Bordered by the majestic Caucasus Mountains and the lonely Black Sea, Georgia is caught between the border of East and West. A walk through Tbilisi, the capital city, feels familiar yet foreign at the same time. Characteristic European touches blend with West Asian influence – Turkish baths sit next to posh shops, and artsy cafes line the street leading to Orthodox churches. It’s a melting pot of history, with each street revealing another layer to the city’s vibrant past.
Suchitoto, El Salvador
El Salvador receives far fewer visitors than neighboring Guatemala, but Suchitoto itself is worth the trip. Back in the day, the town made its money on indigo and there’s still a thriving trade in textiles featuring the deep blue dye. Wander its cobbled streets on foot to explore the many colonial-era buildings that remain. Santa Lucia church, finished in 1853, is centrally located on the main plaza.
Rothenburg ob der Tauber, Germany
Germany has no shortage of impossibly quaint medieval towns but Rothenburg ob der Tauber is one of the cutest, located along the Bavarian stretch of the Romantic Road. In summer every building in its old town is festooned with colorful flowers; in autumn, a walk along its well-preserved walls presents view after view of trees in their seasonal gold, umber and russet livery. Christmas lasts all year long thanks to the Käthe Wohlfahrt shop, but the town’s Christmas market makes a December visit extra special.
This Caribbean gem is one of the most famous trapped-in-time destinations. With colorful 1950-Chevys bumping past colonial-era buildings along the Malecon, Havana has barely aged since it closed its borders in 1961. Many of the elegant buildings are slowly decaying, and restoration is slow, so a visit will yield plenty of historic treasures.
By all means, dip a toe into the bustling souk of Fez, but keep an ear open for the sound of clattering hooves. Since medieval times, donkeys and mules have been used to bring goods in and out of this labyrinth. Ditch the map – you’ll get lost anyway – and seek out leather tanners, metalworkers and shoemakers in this most atmospheric place.
Napier, New Zealand
You won’t go quite as far back in time during a visit to Napier, but once you’ve seen its distinctive architecture, you’ll be in no doubt which era’s the most significant. A devastating earthquake leveled the city in 1931. What the aftershocks didn’t finish off was burnt to a cinder in the ensuing fires. Within two years, the city was rebuilt in the style of the time: Art Deco. Visit in February for the annual festival themed around the most eventful decade in the town’s history.

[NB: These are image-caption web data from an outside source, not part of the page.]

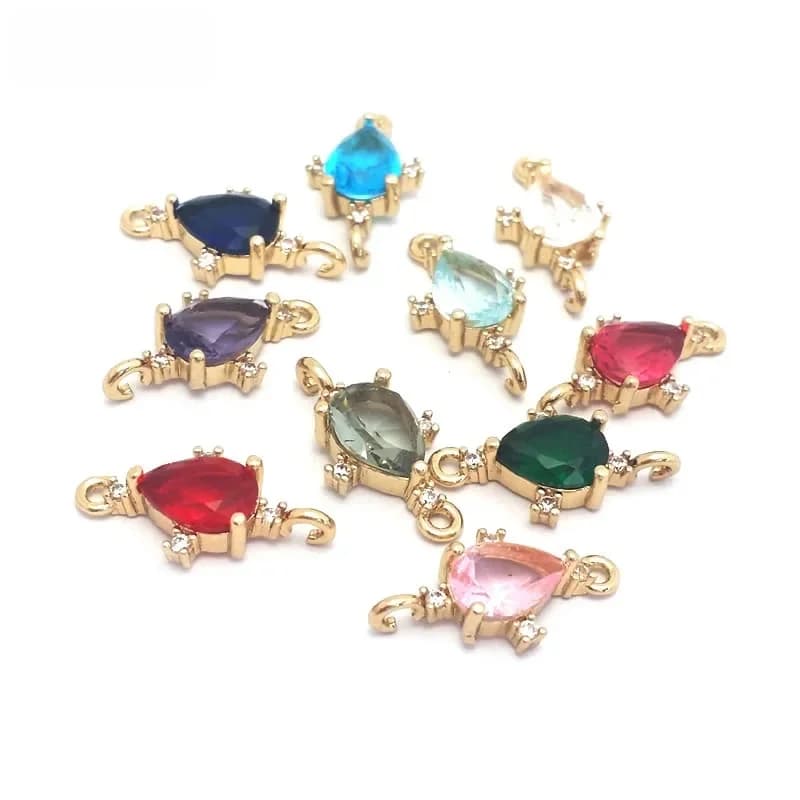 10 pièces de haute qualité, couleur or 18 carats, en laiton et verre zircon, avec 2 trous, pendentifs en forme de goutte, accessoires pour la fabrication de bijoux.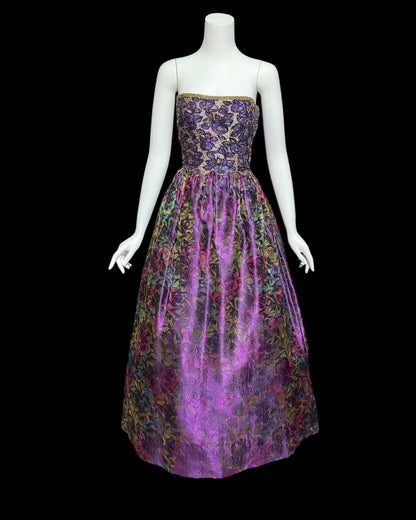 MARY MCFADDEN COUTURE, vintage 1980s evening dress, Saks Fifth Avenue Purple beaded floral ball gown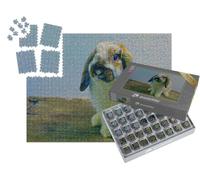 puzzleYOU : Smart Sorted® | Puzzle Photo 1000 pièces « dans Le Style Artistique de Claude Monet - Lapin sur Table en Bois - Collection Puzzle Artistes & Tableaux »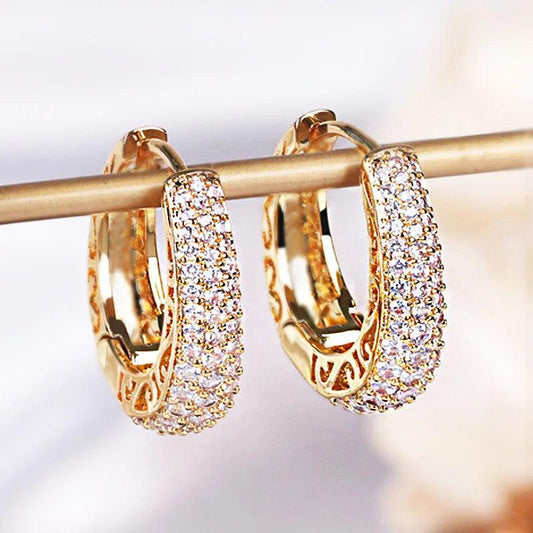 Hoop earrings with exclusive design in 24K Gold 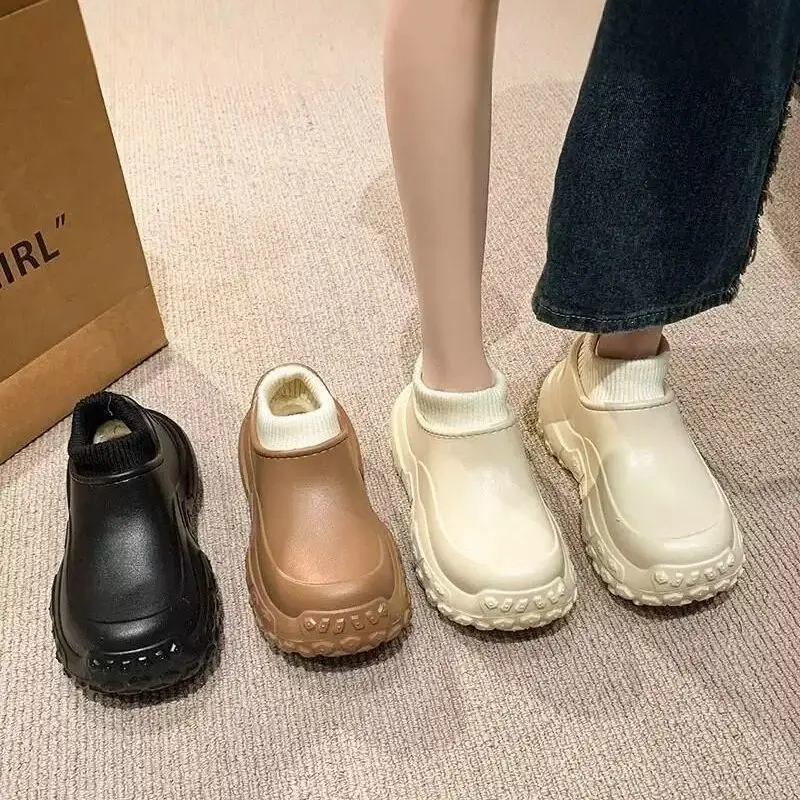 Popular warm heightening waterproof cotton slippers winter thick bottom non-slip heightening outer wear snow boots couple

Dracula’s alive and well – the legend at least – in this delightful Transylvanian town. Cobbled streets wind past pastel-colored merchants’ houses. Fortified walls and turrets create a compact Old Town that features on UNESCO’s heritage list. But what sets it apart from other Eastern European towns is the history of Vlad Ţepeş, better known as Vlad the Impaler or Dracula. In addition to visiting Vlad Dracul’s house, don’t miss the citadel, 14th-century clock tower and covered staircase leading to the Church on the Hill.